Del lado derecho las columnas de mármol, adornados con capiteles de corintio cada 15 metros más o menos. Entre las columnas, un barandal de mármol blanco, con balaustradas que le llegaban hasta su cintura. En algunas partes tenían, un florero de cerámicos con un determinado tipo de flor en cada uno de ellos. Así, uno tenía solo violetas, otro solo rosas, otro solo tulipanes, etc. Cada columna, mirando hacía la galería portica, tenia faroles de benceno que humeaban con un brillo fuliginoso. Mirando hacia el mar, tenía agujas de mármol de unos 5 metros que se extendían fuera de la seguridad de la columna, adentrándose en la nada del vacío, y colgado en su parte media y final, faroles que colgaban de cadenas a unos 3 metros de las agujas hacía el mar.

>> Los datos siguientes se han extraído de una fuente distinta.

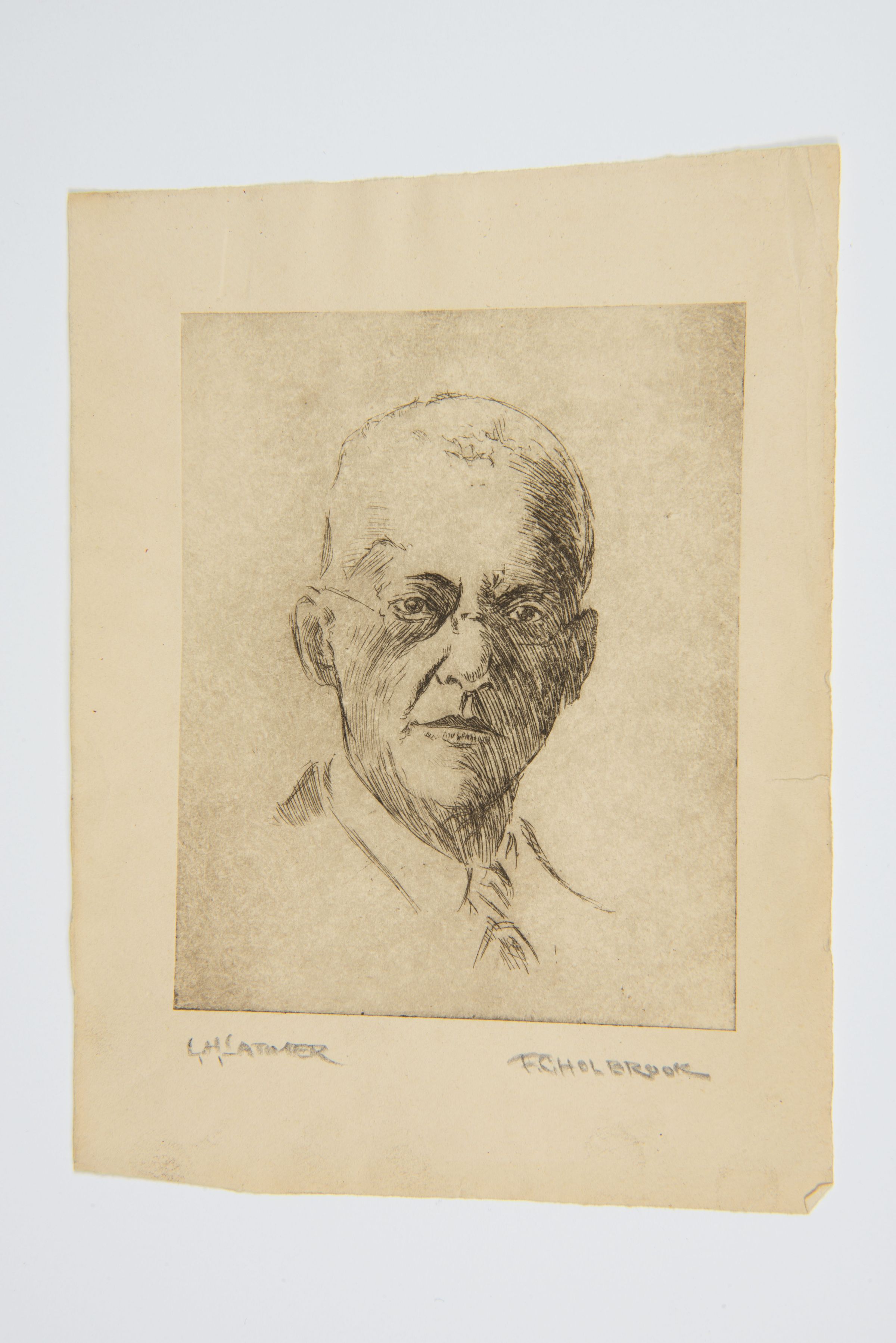 Etching Portrait of Lewis Latimer picture number 1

Levanto su mirada y vio más allá. Era de noche en el cielo, dejando ver una gran luna llena al horizonte, con nubes que se movían lentamente ocultando los rayos de la luna de plata. Todo en ese aire, estaba teñido de un azul oscuro donde el fulgor de las lámparas apenas tenía poder. Se acercó hasta la balaustrada y vio que estaban a una gran altura, sobre un gran mar que se extendía hasta donde la vista llegaba, dejando reflejar el fulgor de la luna en las aguas y confundiendo el cielo abismal con las aguas del profundo mar en la lejanía.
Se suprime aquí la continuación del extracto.